What you need to do.
Start at the line in the entries below that contains "FIAT 126 usata 11", stop at the line that contains "джинсы для девочек,джинсы", and output exactly the lines in that span, both ends included.

Material supplied.
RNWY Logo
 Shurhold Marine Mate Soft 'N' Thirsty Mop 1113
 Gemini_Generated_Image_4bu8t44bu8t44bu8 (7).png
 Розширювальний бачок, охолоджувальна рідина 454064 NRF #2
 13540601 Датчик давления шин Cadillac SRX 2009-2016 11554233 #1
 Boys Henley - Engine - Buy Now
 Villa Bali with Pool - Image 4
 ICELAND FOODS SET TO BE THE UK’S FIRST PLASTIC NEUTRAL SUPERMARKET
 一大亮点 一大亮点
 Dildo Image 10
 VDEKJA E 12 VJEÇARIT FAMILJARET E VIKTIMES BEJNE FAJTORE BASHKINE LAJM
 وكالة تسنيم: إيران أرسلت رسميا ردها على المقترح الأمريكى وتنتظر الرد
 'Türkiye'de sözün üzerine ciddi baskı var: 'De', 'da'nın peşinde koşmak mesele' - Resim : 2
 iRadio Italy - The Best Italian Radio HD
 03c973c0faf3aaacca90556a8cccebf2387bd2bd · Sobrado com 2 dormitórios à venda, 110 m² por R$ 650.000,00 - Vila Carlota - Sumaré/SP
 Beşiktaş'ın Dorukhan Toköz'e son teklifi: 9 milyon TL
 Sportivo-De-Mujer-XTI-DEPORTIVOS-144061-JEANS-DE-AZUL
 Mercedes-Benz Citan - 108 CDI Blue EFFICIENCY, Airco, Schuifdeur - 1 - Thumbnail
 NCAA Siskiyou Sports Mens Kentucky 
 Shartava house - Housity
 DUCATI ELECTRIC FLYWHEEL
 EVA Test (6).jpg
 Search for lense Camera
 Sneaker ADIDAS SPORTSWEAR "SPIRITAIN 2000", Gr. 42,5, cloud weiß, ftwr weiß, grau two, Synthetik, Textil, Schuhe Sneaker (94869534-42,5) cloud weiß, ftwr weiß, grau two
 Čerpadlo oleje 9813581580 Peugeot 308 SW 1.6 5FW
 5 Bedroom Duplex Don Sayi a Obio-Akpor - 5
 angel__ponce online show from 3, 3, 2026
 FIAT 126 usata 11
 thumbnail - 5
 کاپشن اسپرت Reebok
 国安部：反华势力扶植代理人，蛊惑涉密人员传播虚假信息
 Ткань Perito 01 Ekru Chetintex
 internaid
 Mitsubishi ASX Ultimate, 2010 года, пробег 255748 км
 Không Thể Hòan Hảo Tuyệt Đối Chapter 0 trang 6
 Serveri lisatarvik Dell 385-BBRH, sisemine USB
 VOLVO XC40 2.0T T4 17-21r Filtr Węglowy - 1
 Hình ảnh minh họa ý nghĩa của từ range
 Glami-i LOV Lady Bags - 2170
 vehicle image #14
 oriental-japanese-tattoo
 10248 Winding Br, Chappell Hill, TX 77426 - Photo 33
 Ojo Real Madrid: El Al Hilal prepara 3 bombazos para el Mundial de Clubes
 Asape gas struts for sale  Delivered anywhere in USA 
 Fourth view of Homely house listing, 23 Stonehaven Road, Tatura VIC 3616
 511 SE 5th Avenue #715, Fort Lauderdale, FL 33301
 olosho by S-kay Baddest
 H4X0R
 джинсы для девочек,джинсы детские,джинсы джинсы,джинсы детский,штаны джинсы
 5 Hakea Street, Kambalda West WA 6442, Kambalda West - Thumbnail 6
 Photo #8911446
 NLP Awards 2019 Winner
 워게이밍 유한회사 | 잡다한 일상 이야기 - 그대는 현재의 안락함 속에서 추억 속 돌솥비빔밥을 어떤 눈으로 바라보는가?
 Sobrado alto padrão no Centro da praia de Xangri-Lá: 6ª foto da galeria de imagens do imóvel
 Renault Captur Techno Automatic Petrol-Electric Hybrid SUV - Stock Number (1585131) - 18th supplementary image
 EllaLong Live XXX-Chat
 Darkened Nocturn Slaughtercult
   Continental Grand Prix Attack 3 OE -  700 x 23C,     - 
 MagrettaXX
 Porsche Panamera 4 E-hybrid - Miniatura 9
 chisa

Solution to the exercise.
 FIAT 126 usata 11
 thumbnail - 5
 کاپشن اسپرت Reebok
 国安部：反华势力扶植代理人，蛊惑涉密人员传播虚假信息
 Ткань Perito 01 Ekru Chetintex
 internaid
 Mitsubishi ASX Ultimate, 2010 года, пробег 255748 км
 Không Thể Hòan Hảo Tuyệt Đối Chapter 0 trang 6
 Serveri lisatarvik Dell 385-BBRH, sisemine USB
 VOLVO XC40 2.0T T4 17-21r Filtr Węglowy - 1
 Hình ảnh minh họa ý nghĩa của từ range
 Glami-i LOV Lady Bags - 2170
 vehicle image #14
 oriental-japanese-tattoo
 10248 Winding Br, Chappell Hill, TX 77426 - Photo 33
 Ojo Real Madrid: El Al Hilal prepara 3 bombazos para el Mundial de Clubes
 Asape gas struts for sale  Delivered anywhere in USA 
 Fourth view of Homely house listing, 23 Stonehaven Road, Tatura VIC 3616
 511 SE 5th Avenue #715, Fort Lauderdale, FL 33301
 olosho by S-kay Baddest
 H4X0R
 джинсы для девочек,джинсы детские,джинсы джинсы,джинсы детский,штаны джинсы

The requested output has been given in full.